### Task details
Your answer should hold only the lines from the one containing "REGAL PUFF PASTRY TWIST 220g" through the last line below, copied exactly; pictures stay out.

### Recorded data
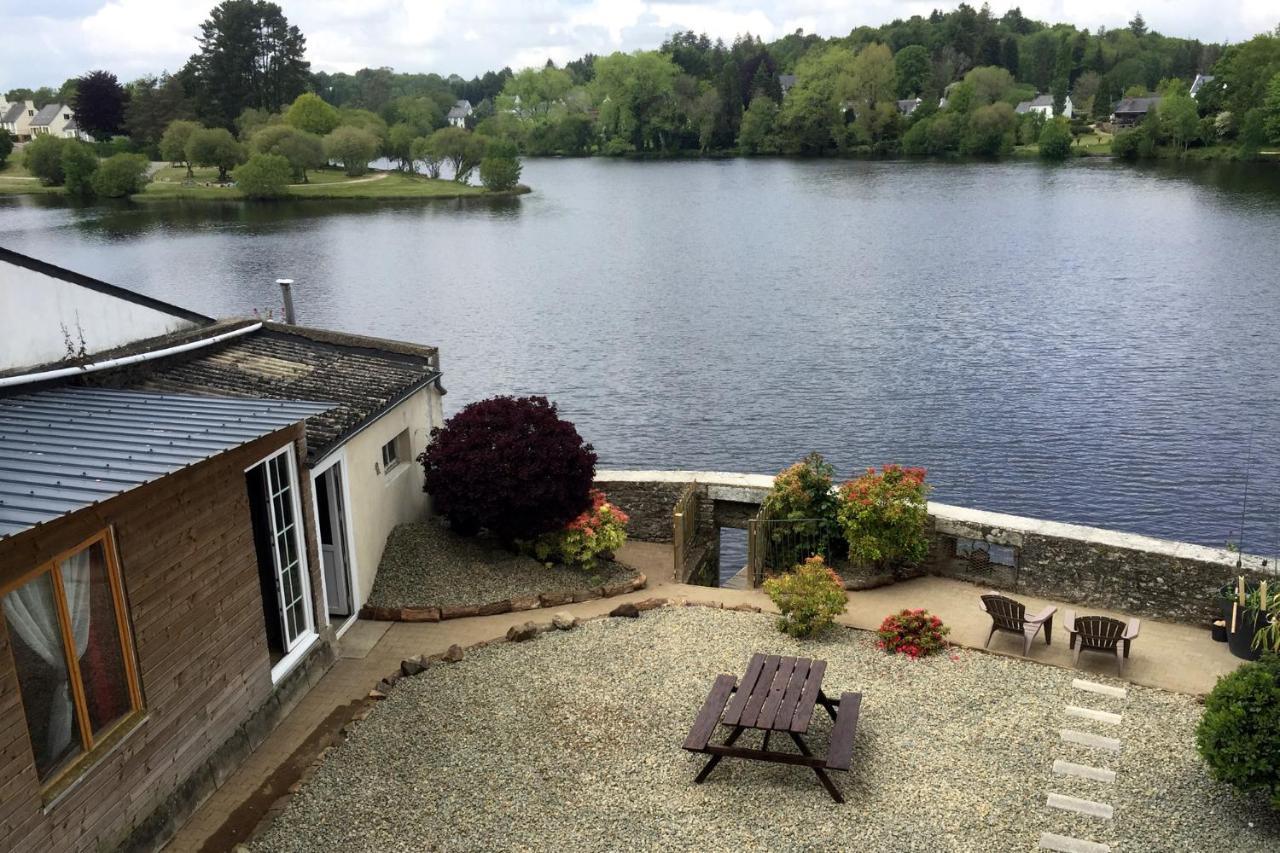 Lakeside Huelgoat Exterior foto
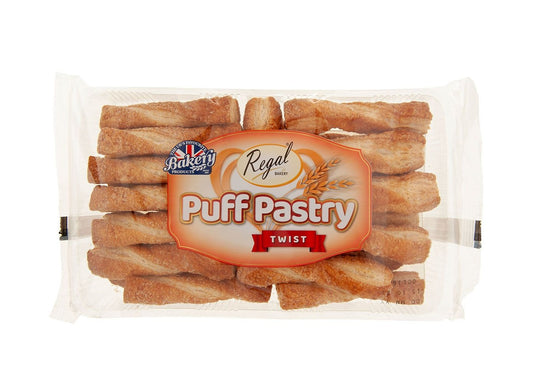 REGAL PUFF PASTRY TWIST 220g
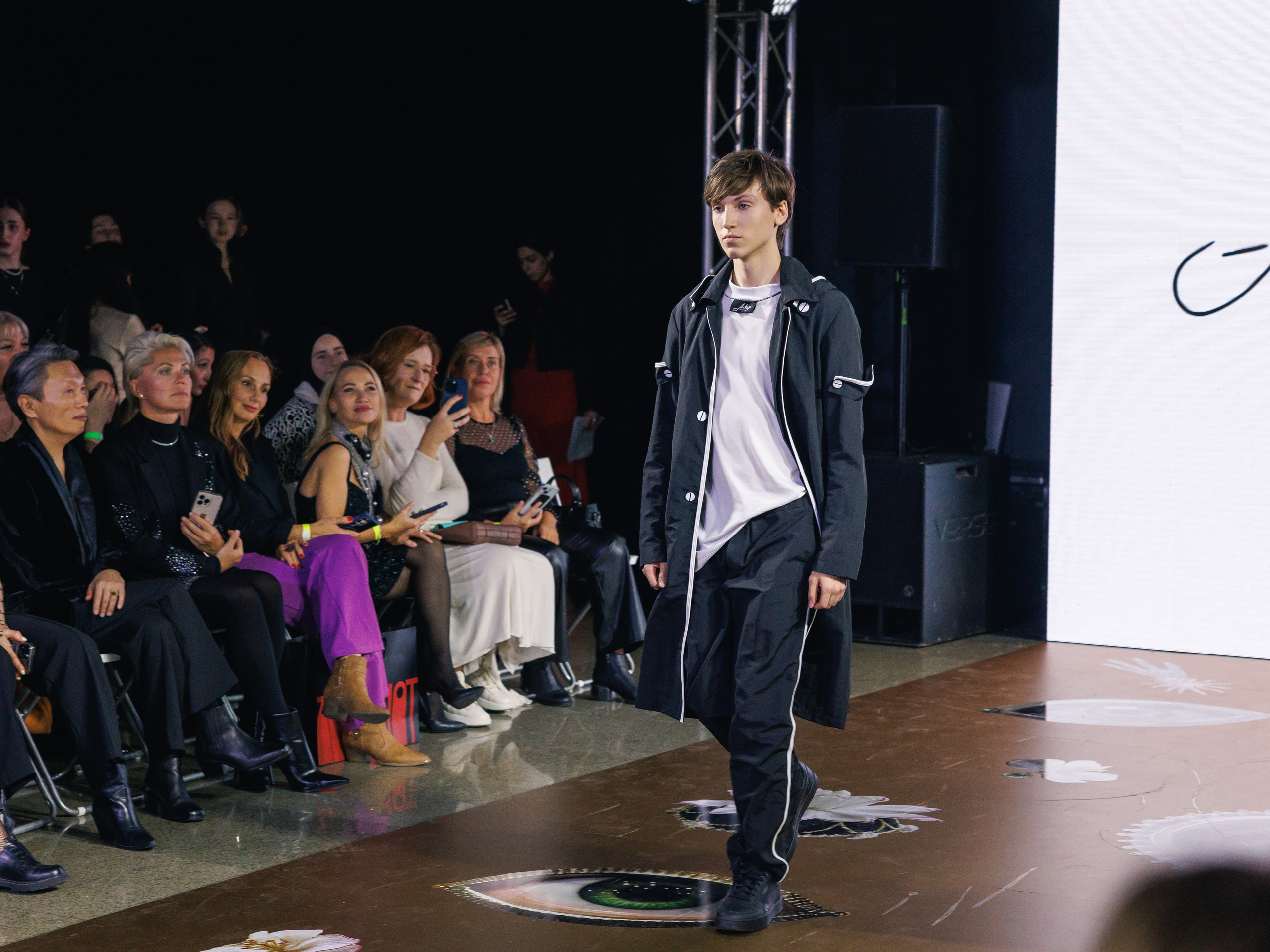 Volga Fashion Week. Профессиональный фотограф в Москве Захар Ишутин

### Response box
 REGAL PUFF PASTRY TWIST 220g
 Volga Fashion Week. Профессиональный фотограф в Москве Захар Ишутин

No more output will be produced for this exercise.